Pastor evangélico, Cirilo Ramão é o primeiro a ser julgado por quebra de decoro; sessão começa às 17h (Foto: Divulgação)

“Mesada” seria paga a Idenor Machado, Cirilo Ramão e Pedro Pepa; Cirilo será julgado hoje por quebra de decoro; Pepa, amanhã

Os vereadores Idenor Machado (PSDB), Pedro Pepa (DEM) e Cirilo Ramão (MDB) recebiam “mesadas” pagas por empresários de Campo Grande para facilitar o esquema criminoso instalado na Câmara de Dourados, cidade a 233 km da Capital.

A denúncia do Ministério Público de Mato Grosso do Sul ao Poder Judiciário foi feita após a Operação Cifra Negra, que levou para a cadeia, em dezembro do ano passado, os três vereadores, quatro empresários, um ex-vereador e dois ex-servidores da Câmara.

Afastados da Câmara por ordem da Justiça desde dezembro, os três enfrentam processo de cassação na Câmara por quebra de decoro.

A sessão para julgamento de Cirilo será às 17h desta quarta-feira (15). Pepa será julgado amanhã meio-dia. Relatórios das comissões processantes instaladas contra eles, apresentados ontem, pedem a absolvição de ambos por falta de provas. O relatório sobre Idenor Machado ainda não foi entregue. O prazo termina domingo, dia 19.

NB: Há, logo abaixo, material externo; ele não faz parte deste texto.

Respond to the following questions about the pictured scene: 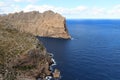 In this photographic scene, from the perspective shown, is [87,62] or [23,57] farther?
[87,62]

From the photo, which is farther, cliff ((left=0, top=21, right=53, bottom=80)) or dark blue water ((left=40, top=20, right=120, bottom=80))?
dark blue water ((left=40, top=20, right=120, bottom=80))

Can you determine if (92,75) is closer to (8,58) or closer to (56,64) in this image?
(56,64)

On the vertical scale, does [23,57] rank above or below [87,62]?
above

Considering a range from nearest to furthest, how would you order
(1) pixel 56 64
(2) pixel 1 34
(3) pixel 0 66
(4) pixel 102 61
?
(3) pixel 0 66 < (2) pixel 1 34 < (1) pixel 56 64 < (4) pixel 102 61

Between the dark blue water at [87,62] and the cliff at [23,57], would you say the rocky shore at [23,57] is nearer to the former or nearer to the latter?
the cliff at [23,57]

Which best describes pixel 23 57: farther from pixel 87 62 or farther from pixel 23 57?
pixel 87 62

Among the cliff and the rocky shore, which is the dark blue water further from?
the cliff

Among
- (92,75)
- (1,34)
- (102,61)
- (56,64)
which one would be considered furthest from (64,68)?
(1,34)

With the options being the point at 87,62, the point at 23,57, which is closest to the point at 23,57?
the point at 23,57

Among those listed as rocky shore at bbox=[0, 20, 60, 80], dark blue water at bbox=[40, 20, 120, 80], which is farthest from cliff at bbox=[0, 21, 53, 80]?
dark blue water at bbox=[40, 20, 120, 80]

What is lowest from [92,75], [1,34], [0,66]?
[92,75]

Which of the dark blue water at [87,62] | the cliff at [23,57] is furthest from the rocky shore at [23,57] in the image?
the dark blue water at [87,62] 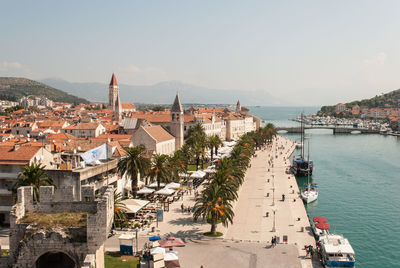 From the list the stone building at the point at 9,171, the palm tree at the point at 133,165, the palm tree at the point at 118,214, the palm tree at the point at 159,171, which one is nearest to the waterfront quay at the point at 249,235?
the palm tree at the point at 118,214

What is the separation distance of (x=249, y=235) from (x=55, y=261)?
61.9ft

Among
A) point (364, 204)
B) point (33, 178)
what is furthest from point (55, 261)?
point (364, 204)

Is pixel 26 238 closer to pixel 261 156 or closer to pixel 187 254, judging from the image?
pixel 187 254

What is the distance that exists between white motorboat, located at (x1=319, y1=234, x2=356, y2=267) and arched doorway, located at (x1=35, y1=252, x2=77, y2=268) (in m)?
18.5

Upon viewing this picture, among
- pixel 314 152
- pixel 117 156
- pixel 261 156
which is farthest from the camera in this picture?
pixel 314 152

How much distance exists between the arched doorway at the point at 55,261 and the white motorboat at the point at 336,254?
18.5 m

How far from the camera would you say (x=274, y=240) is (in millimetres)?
30438

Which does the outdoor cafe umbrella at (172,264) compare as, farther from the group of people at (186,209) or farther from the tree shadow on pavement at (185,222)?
the group of people at (186,209)

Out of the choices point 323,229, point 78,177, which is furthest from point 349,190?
point 78,177

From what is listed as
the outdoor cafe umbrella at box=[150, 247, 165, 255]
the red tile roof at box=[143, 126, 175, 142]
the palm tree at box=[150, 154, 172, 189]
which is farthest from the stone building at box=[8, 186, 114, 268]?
the red tile roof at box=[143, 126, 175, 142]

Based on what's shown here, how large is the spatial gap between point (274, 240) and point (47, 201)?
62.0ft

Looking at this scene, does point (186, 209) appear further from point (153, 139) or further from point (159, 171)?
point (153, 139)

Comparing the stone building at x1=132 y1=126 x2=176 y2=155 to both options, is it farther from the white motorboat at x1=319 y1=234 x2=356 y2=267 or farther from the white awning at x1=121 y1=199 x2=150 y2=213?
the white motorboat at x1=319 y1=234 x2=356 y2=267

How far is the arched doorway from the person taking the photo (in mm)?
18247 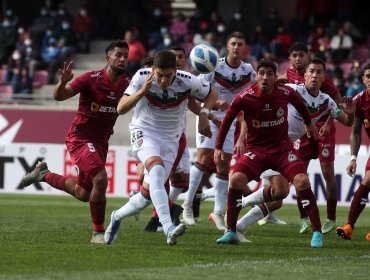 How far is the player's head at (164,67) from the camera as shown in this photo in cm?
1071

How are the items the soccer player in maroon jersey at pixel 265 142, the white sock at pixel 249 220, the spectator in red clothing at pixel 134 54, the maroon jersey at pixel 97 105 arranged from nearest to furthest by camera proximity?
1. the soccer player in maroon jersey at pixel 265 142
2. the maroon jersey at pixel 97 105
3. the white sock at pixel 249 220
4. the spectator in red clothing at pixel 134 54

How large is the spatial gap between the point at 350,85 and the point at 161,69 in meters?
14.4

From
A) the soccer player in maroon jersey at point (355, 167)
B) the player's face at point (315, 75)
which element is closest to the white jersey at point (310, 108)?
the player's face at point (315, 75)

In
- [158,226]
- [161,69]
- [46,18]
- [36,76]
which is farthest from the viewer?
[46,18]

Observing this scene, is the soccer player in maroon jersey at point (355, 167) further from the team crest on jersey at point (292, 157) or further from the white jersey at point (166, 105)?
the white jersey at point (166, 105)

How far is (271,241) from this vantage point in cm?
1232

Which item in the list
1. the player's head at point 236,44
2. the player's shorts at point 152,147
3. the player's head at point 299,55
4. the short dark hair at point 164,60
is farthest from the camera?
the player's head at point 236,44

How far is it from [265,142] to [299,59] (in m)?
2.29

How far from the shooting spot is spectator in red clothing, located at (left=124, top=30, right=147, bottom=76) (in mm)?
27013

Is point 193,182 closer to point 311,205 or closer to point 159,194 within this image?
point 311,205

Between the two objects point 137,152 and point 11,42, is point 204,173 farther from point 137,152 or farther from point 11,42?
point 11,42

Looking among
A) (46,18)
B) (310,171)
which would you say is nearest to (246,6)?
(46,18)

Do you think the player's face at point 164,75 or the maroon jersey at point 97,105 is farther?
the maroon jersey at point 97,105

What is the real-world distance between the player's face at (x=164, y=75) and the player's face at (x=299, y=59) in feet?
10.1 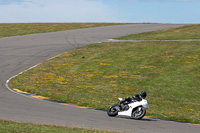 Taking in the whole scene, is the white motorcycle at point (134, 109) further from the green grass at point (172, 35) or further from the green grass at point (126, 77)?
the green grass at point (172, 35)

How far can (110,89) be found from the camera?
949 inches

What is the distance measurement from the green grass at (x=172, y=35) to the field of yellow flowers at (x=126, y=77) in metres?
5.43

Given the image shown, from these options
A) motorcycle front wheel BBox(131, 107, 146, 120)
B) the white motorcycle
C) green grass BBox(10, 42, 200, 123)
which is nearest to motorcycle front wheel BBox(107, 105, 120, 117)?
the white motorcycle

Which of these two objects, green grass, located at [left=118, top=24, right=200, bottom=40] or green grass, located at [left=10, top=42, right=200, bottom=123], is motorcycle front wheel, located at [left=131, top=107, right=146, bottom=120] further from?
green grass, located at [left=118, top=24, right=200, bottom=40]

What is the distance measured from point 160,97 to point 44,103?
25.2 ft

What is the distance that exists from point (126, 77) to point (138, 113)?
12.3m

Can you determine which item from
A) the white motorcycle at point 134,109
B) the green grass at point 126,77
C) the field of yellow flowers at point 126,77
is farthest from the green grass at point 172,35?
the white motorcycle at point 134,109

Mesmo que sejam absolvidos da denúncia por quebra de decoro, os três continuam fora da Câmara, já que o afastamento foi determinado pela Justiça com base na ação criminal.

As denúncias – Nas 57 páginas em que detalhou as investigações ao Poder Judiciário e denunciou políticos, ex-servidores da Câmara e empresários da Capital pelo esquema criminoso, o Ministério Público afirmou que Idenor Machado, Pedro Pepa, Cirilo Ramão e o ex-vereador Dirceu Longhi (PT), na condição de integrantes da Mesa Diretora, eram beneficiários das vantagens indevidas repassadas pela Quality Sistemas, pertencente a Denis da Maia, acusado de ser o cabeça do esquema ao lado de Idenor.

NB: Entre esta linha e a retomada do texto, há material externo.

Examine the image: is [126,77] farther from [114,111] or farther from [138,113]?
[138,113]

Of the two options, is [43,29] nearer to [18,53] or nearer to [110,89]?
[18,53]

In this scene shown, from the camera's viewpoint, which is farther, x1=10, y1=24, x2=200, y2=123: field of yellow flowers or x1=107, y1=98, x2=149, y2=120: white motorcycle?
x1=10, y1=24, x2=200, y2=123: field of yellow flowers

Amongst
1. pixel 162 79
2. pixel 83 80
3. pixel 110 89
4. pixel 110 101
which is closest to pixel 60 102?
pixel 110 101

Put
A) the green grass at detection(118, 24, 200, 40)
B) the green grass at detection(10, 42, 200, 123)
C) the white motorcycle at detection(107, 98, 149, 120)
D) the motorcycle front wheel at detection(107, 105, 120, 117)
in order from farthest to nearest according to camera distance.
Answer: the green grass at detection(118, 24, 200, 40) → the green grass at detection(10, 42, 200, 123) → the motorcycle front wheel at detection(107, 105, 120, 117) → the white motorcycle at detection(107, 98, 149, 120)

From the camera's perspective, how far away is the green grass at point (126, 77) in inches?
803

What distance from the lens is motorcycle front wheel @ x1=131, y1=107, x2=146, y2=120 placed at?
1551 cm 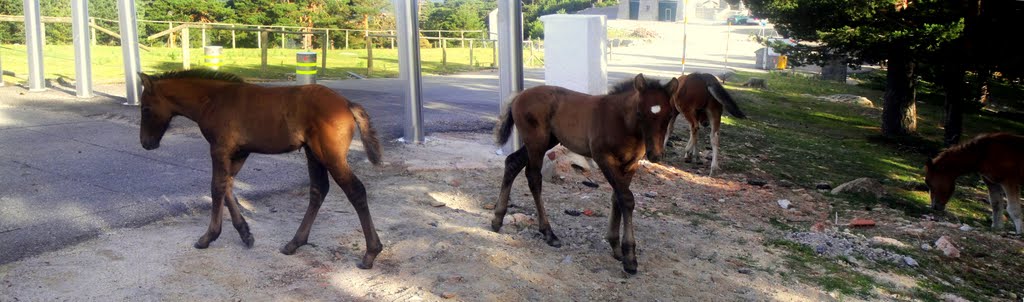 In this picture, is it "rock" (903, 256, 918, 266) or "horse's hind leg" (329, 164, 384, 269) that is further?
"rock" (903, 256, 918, 266)

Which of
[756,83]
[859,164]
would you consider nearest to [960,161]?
[859,164]

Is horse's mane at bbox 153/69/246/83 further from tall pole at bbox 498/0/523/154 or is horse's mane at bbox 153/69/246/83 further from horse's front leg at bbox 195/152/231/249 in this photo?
tall pole at bbox 498/0/523/154

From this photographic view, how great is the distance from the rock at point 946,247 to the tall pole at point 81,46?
595 inches

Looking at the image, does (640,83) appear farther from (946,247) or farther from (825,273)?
(946,247)

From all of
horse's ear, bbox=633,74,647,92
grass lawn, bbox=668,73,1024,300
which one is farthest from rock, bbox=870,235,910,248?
horse's ear, bbox=633,74,647,92

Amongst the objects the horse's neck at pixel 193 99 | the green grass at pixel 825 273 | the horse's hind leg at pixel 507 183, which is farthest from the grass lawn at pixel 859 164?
the horse's neck at pixel 193 99

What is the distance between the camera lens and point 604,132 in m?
6.68

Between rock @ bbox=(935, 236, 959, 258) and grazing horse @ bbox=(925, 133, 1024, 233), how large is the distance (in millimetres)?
1690

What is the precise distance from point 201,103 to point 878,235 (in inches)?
274

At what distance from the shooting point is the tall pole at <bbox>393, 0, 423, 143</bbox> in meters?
11.6

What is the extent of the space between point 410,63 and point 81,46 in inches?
327

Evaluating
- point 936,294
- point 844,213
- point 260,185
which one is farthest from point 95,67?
point 936,294

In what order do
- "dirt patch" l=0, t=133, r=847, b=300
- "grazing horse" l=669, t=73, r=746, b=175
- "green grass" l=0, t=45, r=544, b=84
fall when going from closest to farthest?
"dirt patch" l=0, t=133, r=847, b=300
"grazing horse" l=669, t=73, r=746, b=175
"green grass" l=0, t=45, r=544, b=84

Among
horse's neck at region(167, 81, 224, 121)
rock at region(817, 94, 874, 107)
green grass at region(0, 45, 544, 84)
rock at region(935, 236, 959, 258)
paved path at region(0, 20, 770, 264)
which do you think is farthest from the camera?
rock at region(817, 94, 874, 107) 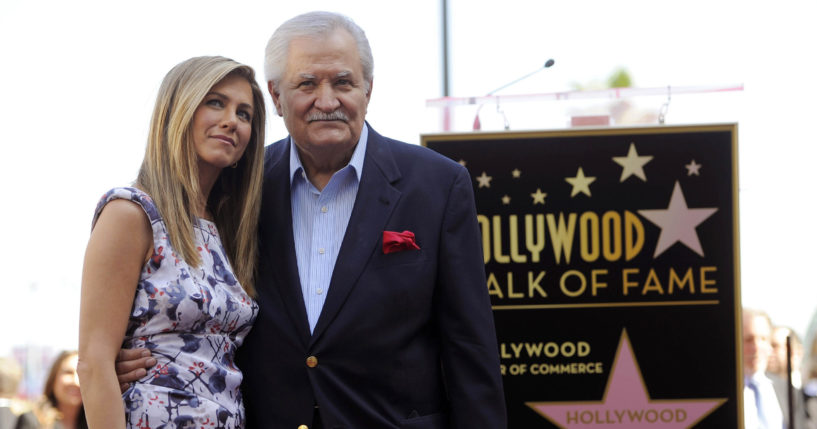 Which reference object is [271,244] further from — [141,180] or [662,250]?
[662,250]

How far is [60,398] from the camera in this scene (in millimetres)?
Result: 3928

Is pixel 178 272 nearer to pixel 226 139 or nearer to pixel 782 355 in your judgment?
pixel 226 139

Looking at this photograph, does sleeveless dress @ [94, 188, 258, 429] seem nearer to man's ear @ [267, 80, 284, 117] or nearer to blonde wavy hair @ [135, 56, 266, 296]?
blonde wavy hair @ [135, 56, 266, 296]

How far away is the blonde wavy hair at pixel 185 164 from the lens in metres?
1.76

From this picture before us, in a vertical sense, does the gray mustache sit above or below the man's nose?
below

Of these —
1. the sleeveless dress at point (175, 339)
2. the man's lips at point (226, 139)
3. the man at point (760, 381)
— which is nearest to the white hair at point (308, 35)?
the man's lips at point (226, 139)

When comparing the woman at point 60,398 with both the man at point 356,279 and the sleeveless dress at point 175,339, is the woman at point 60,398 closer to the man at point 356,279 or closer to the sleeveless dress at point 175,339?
the man at point 356,279

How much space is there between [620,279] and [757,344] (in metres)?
1.91

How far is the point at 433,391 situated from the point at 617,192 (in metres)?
0.93

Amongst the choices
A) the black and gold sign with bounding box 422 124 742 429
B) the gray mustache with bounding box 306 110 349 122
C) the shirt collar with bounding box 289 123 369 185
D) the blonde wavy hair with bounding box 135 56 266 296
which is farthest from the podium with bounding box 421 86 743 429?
the blonde wavy hair with bounding box 135 56 266 296

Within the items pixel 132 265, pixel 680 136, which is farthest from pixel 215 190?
pixel 680 136

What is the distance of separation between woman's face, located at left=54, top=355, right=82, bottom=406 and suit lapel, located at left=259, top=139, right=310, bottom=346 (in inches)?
89.4

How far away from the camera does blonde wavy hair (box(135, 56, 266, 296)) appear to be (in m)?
1.76

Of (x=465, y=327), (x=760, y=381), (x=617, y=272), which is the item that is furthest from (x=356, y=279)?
(x=760, y=381) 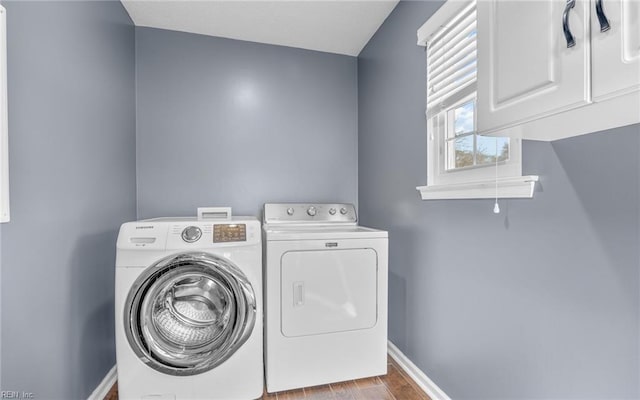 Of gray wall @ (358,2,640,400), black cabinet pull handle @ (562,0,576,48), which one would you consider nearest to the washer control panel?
gray wall @ (358,2,640,400)

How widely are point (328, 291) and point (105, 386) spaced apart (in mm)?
1416

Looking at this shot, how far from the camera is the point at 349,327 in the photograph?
1823 mm

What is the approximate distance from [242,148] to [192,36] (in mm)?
988

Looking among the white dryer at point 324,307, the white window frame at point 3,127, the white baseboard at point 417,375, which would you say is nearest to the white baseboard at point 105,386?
the white dryer at point 324,307

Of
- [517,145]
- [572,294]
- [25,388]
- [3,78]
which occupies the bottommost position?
[25,388]

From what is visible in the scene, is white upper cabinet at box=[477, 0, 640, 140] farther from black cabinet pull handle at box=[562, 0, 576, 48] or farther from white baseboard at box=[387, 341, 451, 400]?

Em um notebook apreendido na sede a Quality em Campo Grande, no dia 5 de dezembro, o MP encontrou planilhas relatando o pagamento de quase R$ 170 mil em propina para vereadores e servidores da Câmara de Dourados.

Ainda de acordo com o MP, após o ex-homem de confiança de Idenor no esquema, Alexandro Oliveira de Souza ser demitido, foi Cirilo Ramão que assumiu a função de se deslocar até a sede da Quality em Campo Grande para buscar o dinheiro da propina. As transações de dinheiro da corrupção ocorriam até o dia da operação, segundo o MP. Três empresas do esquema ainda tinham contrato com a Câmara até dezembro do ano passado.